#### RAW DATA
----------
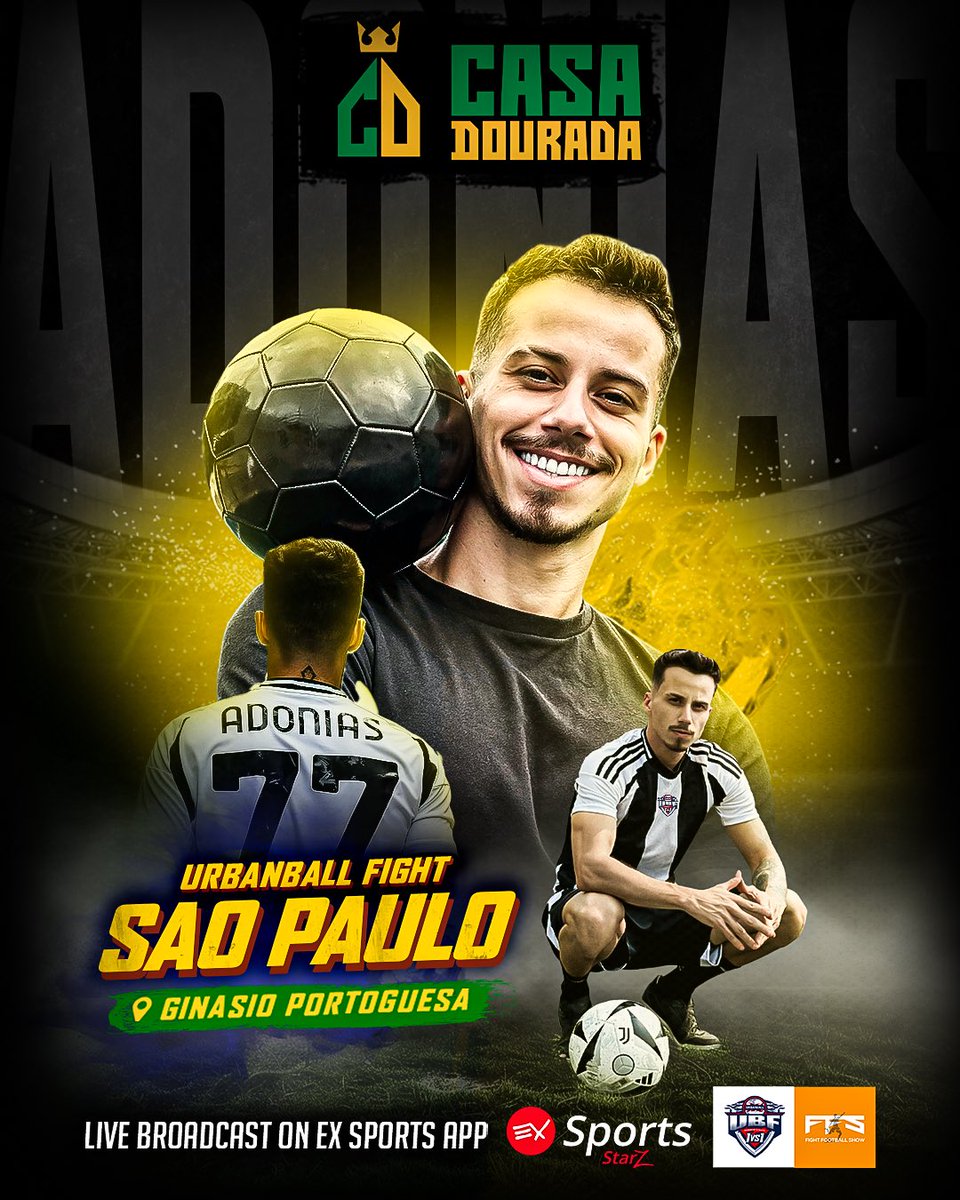 EX-Sports | $EXS 🪙 tweet media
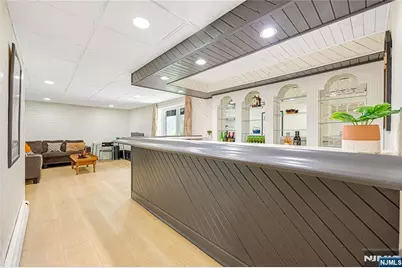 68 Burnwood Lane, Upper Saddle River, NJ 07458 - Photo 35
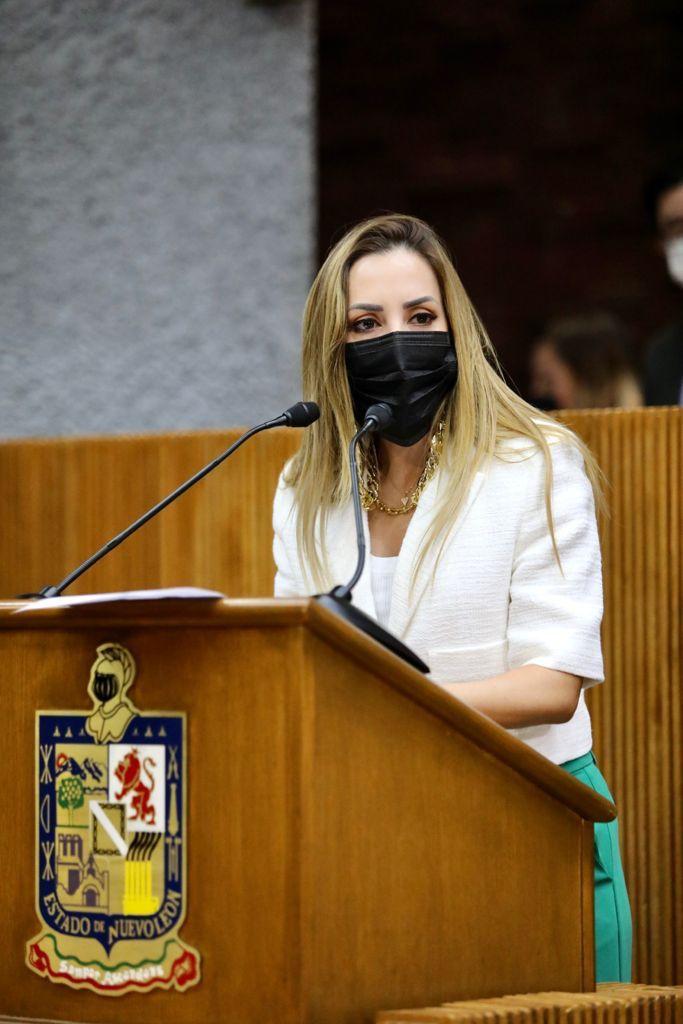 PIDE PRI RESPETAR ZONAS DE RIESGO EN DESARROLLO URBANO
----------
#### WHAT IS BEING ASKED
Would you return all of the data above word for word, omitting every picture?

#### WORKED SOLUTION
 EX-Sports | $EXS 🪙 tweet media
 68 Burnwood Lane, Upper Saddle River, NJ 07458 - Photo 35
 PIDE PRI RESPETAR ZONAS DE RIESGO EN DESARROLLO URBANO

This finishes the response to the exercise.